Nothing but the lines below from the one holding "Жесткий диск Western" up to and including the one holding "Culnflun 48dp Motor" should be copied, exactly and without pictures.

--- Extracted entries Enclosed Below ---

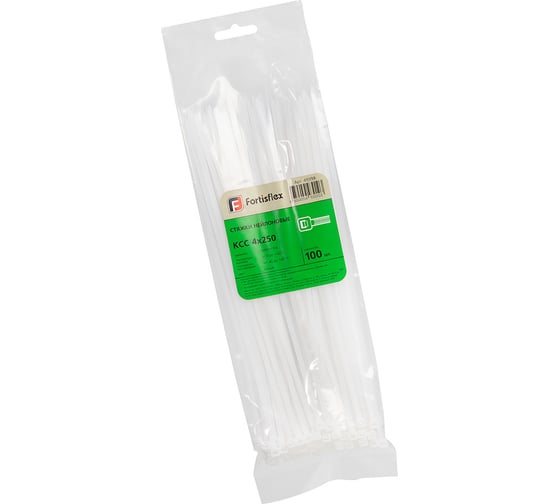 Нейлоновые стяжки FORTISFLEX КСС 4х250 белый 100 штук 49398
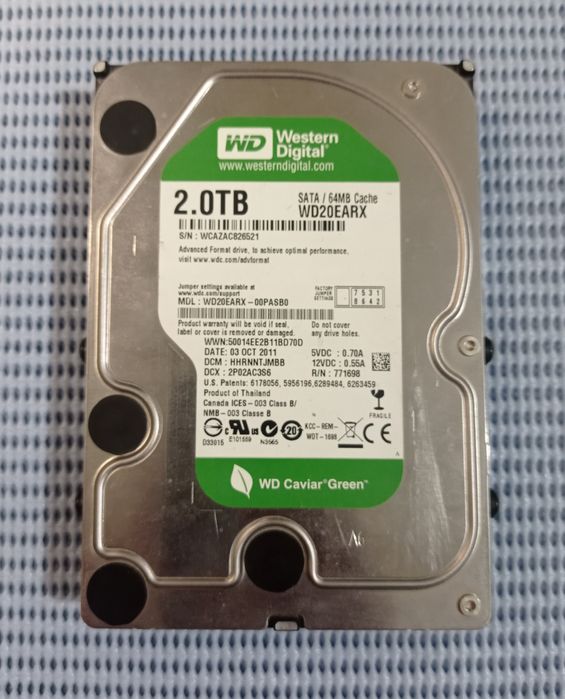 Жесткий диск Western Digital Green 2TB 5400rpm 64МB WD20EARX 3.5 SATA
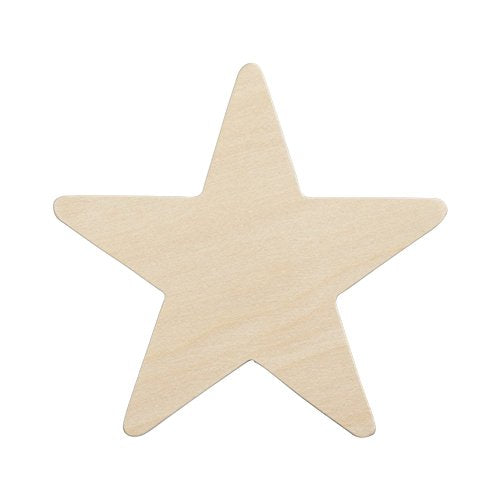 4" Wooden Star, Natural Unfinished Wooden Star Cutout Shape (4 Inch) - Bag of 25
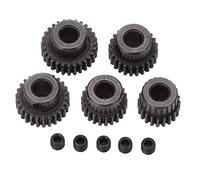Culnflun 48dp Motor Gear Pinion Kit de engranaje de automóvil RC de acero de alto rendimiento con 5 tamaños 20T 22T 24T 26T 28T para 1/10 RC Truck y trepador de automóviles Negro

--- End of Enclosed Extracted entries ---
--- Extracted entries Enclosed Below ---

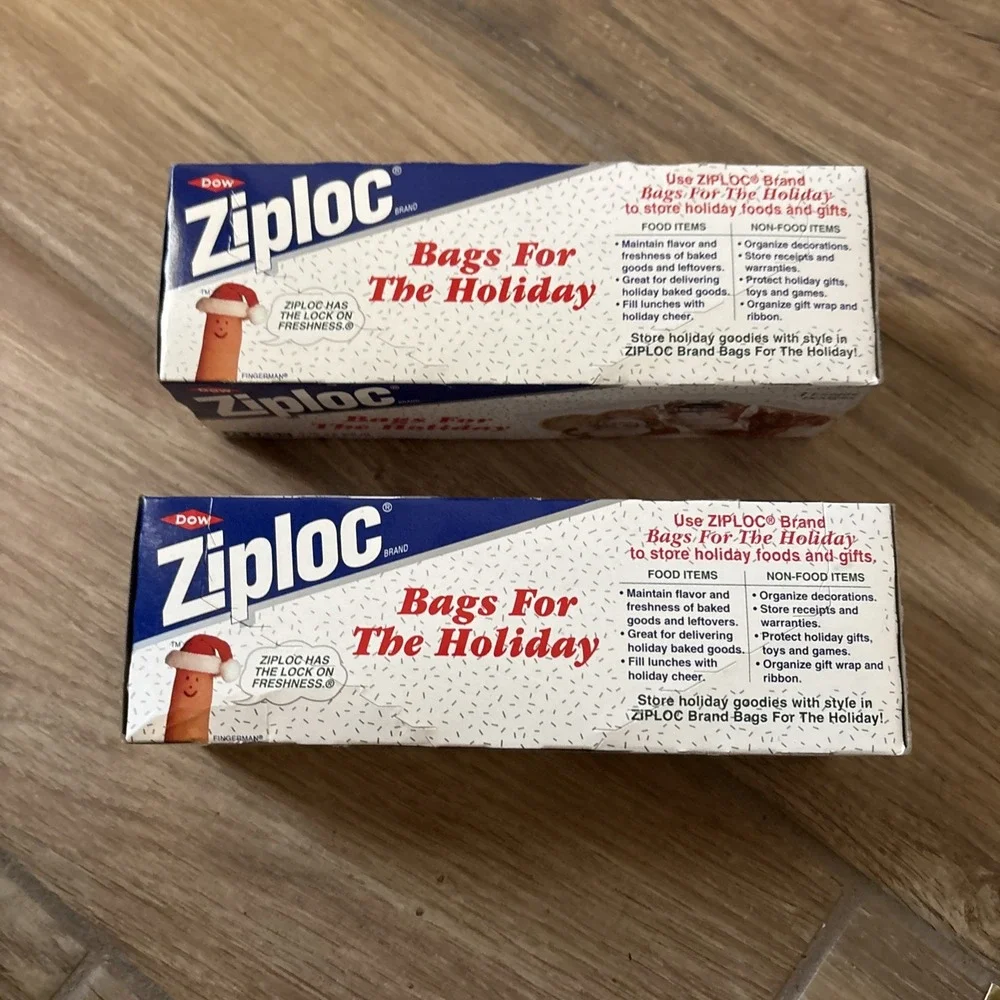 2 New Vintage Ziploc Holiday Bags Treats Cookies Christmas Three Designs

--- End of Enclosed Extracted entries ---
--- Extracted entries Enclosed Below ---

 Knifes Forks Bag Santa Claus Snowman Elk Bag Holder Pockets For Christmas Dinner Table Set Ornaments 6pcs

--- End of Enclosed Extracted entries ---

* [Problem solution]:
 Жесткий диск Western Digital Green 2TB 5400rpm 64МB WD20EARX 3.5 SATA
 4" Wooden Star, Natural Unfinished Wooden Star Cutout Shape (4 Inch) - Bag of 25
Culnflun 48dp Motor Gear Pinion Kit de engranaje de automóvil RC de acero de alto rendimiento con 5 tamaños 20T 22T 24T 26T 28T para 1/10 RC Truck y trepador de automóviles Negro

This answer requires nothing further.